TASK TO CARRY OUT
When the line containing "Apartamento Centro Apartment" is reached, include it and end there; set down verbatim every line before it, starting at the top of the records.

##### SUPPLIED RECORDS #####

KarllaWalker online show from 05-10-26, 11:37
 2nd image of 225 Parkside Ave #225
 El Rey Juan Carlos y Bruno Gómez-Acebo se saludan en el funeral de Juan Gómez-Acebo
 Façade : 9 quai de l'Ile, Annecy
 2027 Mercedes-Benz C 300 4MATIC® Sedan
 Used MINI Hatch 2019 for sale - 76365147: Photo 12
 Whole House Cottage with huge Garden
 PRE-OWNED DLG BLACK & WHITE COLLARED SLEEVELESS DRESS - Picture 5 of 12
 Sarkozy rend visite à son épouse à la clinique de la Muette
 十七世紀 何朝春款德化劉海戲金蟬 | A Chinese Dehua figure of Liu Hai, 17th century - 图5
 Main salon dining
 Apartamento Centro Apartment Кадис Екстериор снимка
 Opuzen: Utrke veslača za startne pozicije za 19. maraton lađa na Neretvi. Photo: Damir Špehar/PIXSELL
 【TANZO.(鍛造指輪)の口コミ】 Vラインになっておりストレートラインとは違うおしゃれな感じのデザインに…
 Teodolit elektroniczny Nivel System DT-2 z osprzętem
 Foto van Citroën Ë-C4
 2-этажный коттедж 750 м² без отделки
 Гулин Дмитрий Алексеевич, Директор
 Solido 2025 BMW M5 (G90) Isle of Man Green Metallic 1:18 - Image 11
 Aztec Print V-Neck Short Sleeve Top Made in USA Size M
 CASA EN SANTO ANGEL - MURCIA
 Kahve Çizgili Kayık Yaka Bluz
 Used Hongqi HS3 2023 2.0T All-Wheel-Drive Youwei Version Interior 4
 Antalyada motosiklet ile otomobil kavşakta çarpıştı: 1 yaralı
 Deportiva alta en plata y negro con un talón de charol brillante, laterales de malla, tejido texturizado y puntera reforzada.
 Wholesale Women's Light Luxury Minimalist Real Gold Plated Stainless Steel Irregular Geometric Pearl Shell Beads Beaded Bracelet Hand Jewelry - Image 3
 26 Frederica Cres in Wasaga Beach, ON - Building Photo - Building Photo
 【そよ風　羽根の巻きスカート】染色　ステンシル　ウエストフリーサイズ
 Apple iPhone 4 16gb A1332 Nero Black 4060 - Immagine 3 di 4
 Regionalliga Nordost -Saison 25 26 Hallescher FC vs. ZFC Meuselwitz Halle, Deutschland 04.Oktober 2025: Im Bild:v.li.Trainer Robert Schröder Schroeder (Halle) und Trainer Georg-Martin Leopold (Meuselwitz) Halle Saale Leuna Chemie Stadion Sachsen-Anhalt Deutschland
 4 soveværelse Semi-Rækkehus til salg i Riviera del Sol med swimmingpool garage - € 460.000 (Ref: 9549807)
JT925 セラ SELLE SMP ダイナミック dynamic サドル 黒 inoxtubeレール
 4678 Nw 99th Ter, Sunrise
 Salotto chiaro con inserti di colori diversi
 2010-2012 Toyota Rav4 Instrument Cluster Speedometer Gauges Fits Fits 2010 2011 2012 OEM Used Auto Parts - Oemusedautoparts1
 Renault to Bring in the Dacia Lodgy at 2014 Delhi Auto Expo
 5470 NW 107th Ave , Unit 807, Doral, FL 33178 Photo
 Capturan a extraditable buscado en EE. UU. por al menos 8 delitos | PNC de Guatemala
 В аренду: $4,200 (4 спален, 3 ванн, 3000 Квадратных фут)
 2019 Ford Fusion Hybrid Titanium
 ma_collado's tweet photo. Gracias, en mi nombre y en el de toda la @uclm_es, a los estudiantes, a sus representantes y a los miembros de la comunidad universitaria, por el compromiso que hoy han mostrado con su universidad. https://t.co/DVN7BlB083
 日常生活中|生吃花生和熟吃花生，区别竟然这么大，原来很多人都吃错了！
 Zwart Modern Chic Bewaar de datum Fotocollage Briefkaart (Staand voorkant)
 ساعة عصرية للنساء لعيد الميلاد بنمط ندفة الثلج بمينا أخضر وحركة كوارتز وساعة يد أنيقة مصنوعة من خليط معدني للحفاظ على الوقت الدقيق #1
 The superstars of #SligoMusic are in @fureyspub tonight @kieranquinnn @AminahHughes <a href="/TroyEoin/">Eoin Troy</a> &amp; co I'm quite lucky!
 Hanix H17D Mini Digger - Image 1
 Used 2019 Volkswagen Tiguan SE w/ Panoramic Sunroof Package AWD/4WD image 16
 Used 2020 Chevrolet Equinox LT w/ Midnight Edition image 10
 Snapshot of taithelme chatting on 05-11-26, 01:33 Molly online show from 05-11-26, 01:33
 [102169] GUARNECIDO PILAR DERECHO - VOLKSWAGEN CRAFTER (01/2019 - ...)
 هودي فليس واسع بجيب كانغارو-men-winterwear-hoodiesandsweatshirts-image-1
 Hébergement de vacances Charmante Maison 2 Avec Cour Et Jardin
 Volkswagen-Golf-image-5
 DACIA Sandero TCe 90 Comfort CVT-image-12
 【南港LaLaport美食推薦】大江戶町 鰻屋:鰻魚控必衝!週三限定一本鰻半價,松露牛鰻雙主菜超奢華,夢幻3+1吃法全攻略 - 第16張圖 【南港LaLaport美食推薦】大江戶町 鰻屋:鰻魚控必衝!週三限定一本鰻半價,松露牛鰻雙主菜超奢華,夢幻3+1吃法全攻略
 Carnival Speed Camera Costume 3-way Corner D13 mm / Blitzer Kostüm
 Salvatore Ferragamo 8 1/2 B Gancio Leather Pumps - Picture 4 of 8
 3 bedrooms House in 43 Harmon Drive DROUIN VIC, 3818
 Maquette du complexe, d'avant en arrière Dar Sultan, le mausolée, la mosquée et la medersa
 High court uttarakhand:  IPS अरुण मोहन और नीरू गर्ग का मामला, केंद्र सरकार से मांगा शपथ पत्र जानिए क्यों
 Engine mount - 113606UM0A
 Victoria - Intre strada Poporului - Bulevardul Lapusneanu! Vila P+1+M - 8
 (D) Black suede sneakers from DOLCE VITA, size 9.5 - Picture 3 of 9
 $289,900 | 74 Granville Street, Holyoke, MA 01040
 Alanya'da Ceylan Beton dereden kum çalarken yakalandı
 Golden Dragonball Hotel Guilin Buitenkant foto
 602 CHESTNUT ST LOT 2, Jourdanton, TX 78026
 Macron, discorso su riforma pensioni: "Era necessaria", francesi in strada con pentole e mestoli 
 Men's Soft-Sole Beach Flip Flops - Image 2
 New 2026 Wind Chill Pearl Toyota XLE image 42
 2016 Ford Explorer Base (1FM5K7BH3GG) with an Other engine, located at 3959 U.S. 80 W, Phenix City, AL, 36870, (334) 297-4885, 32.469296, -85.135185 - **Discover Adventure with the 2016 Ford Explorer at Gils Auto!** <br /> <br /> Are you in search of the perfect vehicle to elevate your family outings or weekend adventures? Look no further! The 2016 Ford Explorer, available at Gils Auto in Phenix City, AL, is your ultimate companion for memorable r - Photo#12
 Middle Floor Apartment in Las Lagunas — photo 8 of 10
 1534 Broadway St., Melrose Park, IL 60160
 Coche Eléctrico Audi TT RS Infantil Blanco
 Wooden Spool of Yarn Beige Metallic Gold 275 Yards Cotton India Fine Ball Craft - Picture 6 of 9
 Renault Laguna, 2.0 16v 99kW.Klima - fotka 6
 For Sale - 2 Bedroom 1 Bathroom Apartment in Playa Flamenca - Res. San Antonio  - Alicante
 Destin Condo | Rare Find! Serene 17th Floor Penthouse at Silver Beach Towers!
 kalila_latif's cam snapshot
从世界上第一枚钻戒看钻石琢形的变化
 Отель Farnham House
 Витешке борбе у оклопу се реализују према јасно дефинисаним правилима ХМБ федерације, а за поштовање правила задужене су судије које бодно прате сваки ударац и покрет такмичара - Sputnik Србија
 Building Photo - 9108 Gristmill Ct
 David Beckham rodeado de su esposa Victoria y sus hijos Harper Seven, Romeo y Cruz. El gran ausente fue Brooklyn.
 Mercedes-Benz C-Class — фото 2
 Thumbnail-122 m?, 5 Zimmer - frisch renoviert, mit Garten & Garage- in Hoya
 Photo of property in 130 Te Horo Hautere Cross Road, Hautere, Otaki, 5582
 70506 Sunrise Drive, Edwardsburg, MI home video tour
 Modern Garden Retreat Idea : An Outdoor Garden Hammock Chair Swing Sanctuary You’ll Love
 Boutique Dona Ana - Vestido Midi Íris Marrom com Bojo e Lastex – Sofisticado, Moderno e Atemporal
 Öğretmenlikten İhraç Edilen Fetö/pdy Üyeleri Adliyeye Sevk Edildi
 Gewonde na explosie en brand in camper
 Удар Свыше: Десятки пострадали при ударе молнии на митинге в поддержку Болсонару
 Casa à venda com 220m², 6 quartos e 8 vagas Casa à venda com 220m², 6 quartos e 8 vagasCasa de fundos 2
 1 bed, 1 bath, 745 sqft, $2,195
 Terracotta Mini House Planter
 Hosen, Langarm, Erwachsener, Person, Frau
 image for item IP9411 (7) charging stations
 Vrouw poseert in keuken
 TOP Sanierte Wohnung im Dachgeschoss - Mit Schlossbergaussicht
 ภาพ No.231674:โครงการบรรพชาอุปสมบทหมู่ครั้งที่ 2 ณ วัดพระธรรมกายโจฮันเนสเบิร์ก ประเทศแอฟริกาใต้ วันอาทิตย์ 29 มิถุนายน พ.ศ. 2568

#####

ANSWER SPACE
KarllaWalker online show from 05-10-26, 11:37
 2nd image of 225 Parkside Ave #225
 El Rey Juan Carlos y Bruno Gómez-Acebo se saludan en el funeral de Juan Gómez-Acebo
 Façade : 9 quai de l'Ile, Annecy
 2027 Mercedes-Benz C 300 4MATIC® Sedan
 Used MINI Hatch 2019 for sale - 76365147: Photo 12
 Whole House Cottage with huge Garden
 PRE-OWNED DLG BLACK & WHITE COLLARED SLEEVELESS DRESS - Picture 5 of 12
 Sarkozy rend visite à son épouse à la clinique de la Muette
 十七世紀 何朝春款德化劉海戲金蟬 | A Chinese Dehua figure of Liu Hai, 17th century - 图5
 Main salon dining
 Apartamento Centro Apartment Кадис Екстериор снимка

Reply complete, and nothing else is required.